Chemical process more efficiently converts carbon dioxide to methanol, a chemical used in manufacturing and a potential fuel

A new chemical process funded by the U.S. National Science Foundation has produced methanol — a type of alcohol essential for manufacturing many common products and a potential fuel source — more efficiently than ever before. The method generates methanol from carbon dioxide nearly 66% more efficiently than the next best approach.

The process uses a dual combination of nickel- and cobalt-based compounds as a catalyst on nanotubes, where multiple chemical reactions and electricity convert carbon dioxide to methanol. More of the C0₂ is transformed into methanol and with comparatively less electricity consumption, making the overall process more efficient. The findings are published in Nature Nanotechnology by a team of scientists spanning Yale University, Oregon State University and The Ohio State University.

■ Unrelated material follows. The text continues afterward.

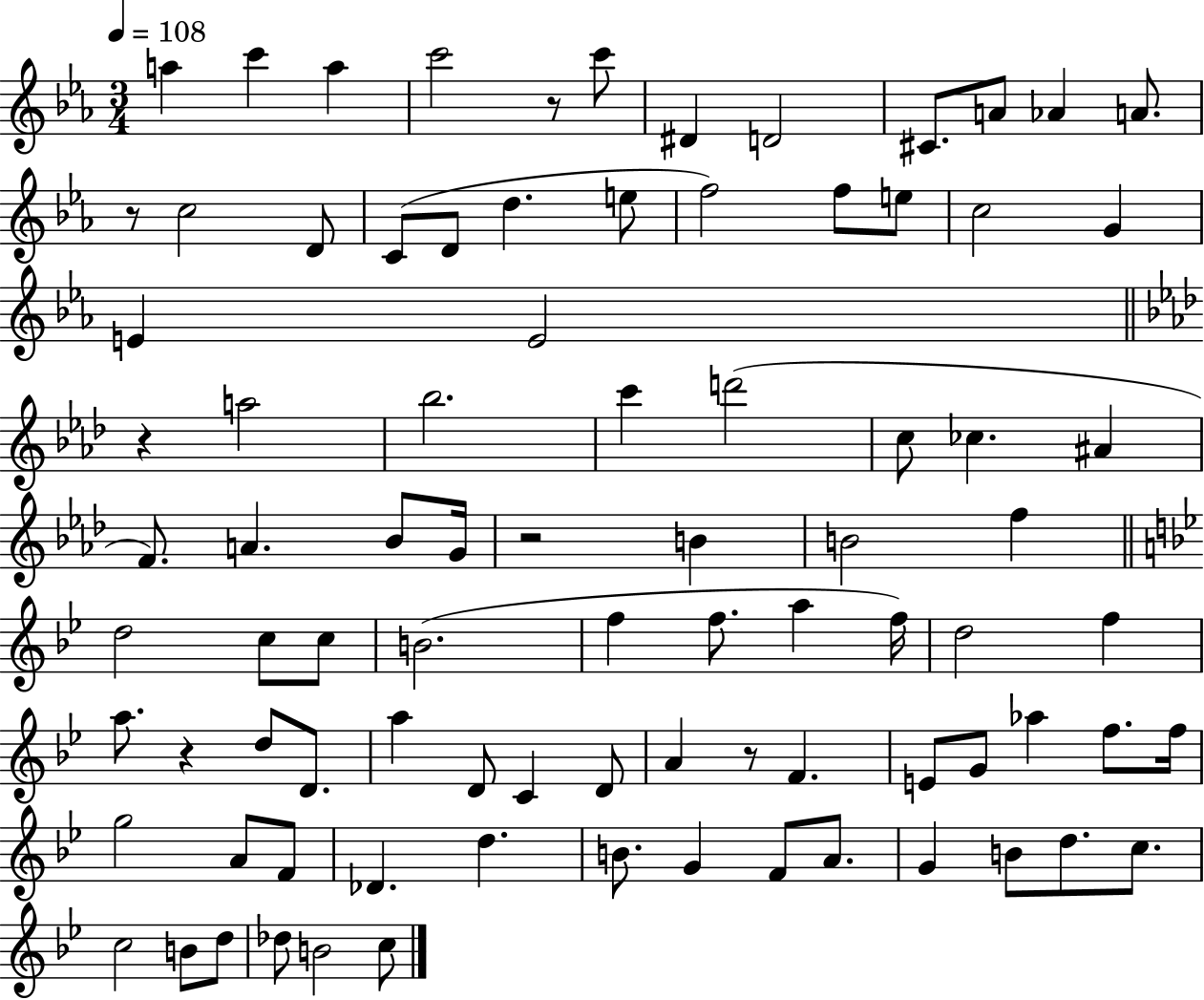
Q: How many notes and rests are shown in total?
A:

"Methanol is a flexible chemical feedstock that is used for hundreds of common products including plastics, chemicals and solvents," says Alvin Chang, an OSU doctoral student and coauthor on the study. By improving methanol production, scientists could make it faster, cheaper and with less waste.

Methanol is being explored as a low-cost fuel for generating electricity, powering ships, supplementing gasoline for automobiles and more. In addition to using C0₂ from the atmosphere, the process could enable methanol production from plentiful agricultural and municipal waste.

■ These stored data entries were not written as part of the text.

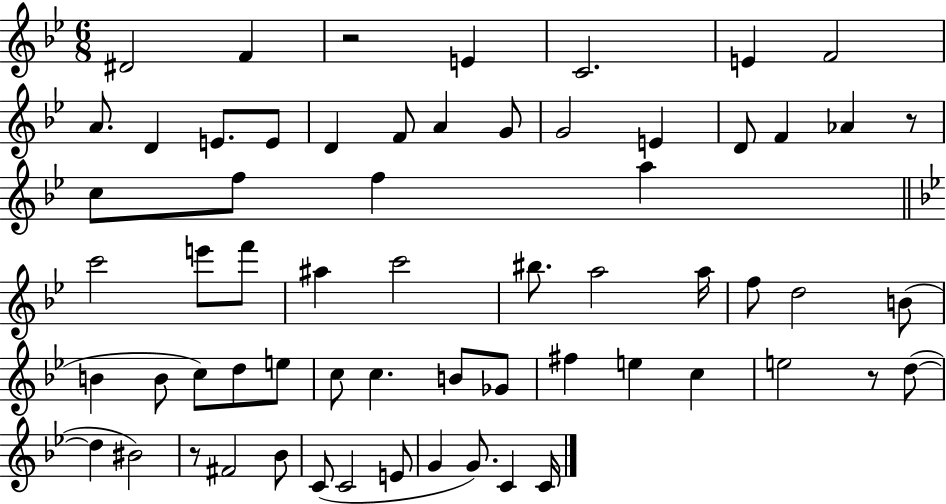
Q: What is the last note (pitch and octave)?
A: C4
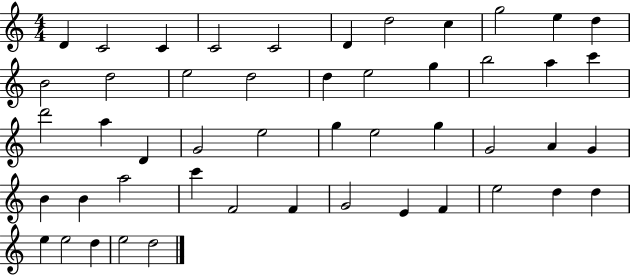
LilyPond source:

{
  \clef treble
  \numericTimeSignature
  \time 4/4
  \key c \major
  d'4 c'2 c'4 | c'2 c'2 | d'4 d''2 c''4 | g''2 e''4 d''4 | \break b'2 d''2 | e''2 d''2 | d''4 e''2 g''4 | b''2 a''4 c'''4 | \break d'''2 a''4 d'4 | g'2 e''2 | g''4 e''2 g''4 | g'2 a'4 g'4 | \break b'4 b'4 a''2 | c'''4 f'2 f'4 | g'2 e'4 f'4 | e''2 d''4 d''4 | \break e''4 e''2 d''4 | e''2 d''2 | \bar "|."
}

Having steady access to such a versatile and renewable resource could transform many aspects of daily life, including the transportation sector, says Robert Baker, Ohio State chemistry professor and one of the study's authors.

Baker, Chang and Hailiang Wang at Yale used a unique, dual-site electrocatalyst to bring this new method to life. Catalysts in general are used to speed up the rate of chemical reactions without themselves being consumed. Electrocatalysts do the same, but with electrochemical reactions.

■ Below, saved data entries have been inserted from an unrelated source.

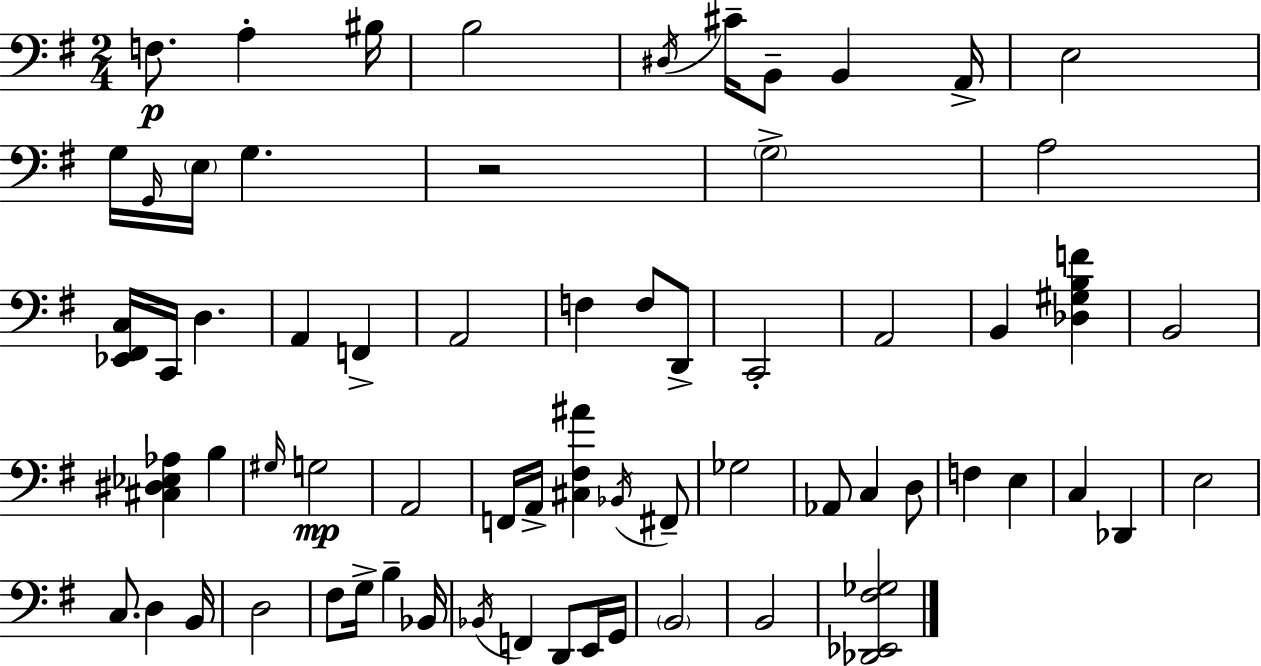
X:1
T:Untitled
M:2/4
L:1/4
K:Em
F,/2 A, ^B,/4 B,2 ^D,/4 ^C/4 B,,/2 B,, A,,/4 E,2 G,/4 G,,/4 E,/4 G, z2 G,2 A,2 [_E,,^F,,C,]/4 C,,/4 D, A,, F,, A,,2 F, F,/2 D,,/2 C,,2 A,,2 B,, [_D,^G,B,F] B,,2 [^C,^D,_E,_A,] B, ^G,/4 G,2 A,,2 F,,/4 A,,/4 [^C,^F,^A] _B,,/4 ^F,,/2 _G,2 _A,,/2 C, D,/2 F, E, C, _D,, E,2 C,/2 D, B,,/4 D,2 ^F,/2 G,/4 B, _B,,/4 _B,,/4 F,, D,,/2 E,,/4 G,,/4 B,,2 B,,2 [_D,,_E,,^F,_G,]2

Compared to the single-site version, the dual-site catalyst sped up methanol production while wasting less energy during creation, reaching an electrochemical charge transfer efficiency of 50%. By comparison, the single-site catalytic method is no more than 30% efficient.

"This innovative research is an important advance toward more efficient methanol production through reduced power consumption and waste generation — and potentially a powerful tool for American manufacturing and fuel production," says Kenneth Moloy, a program director in the NSF Division of Chemistry, which supported the research.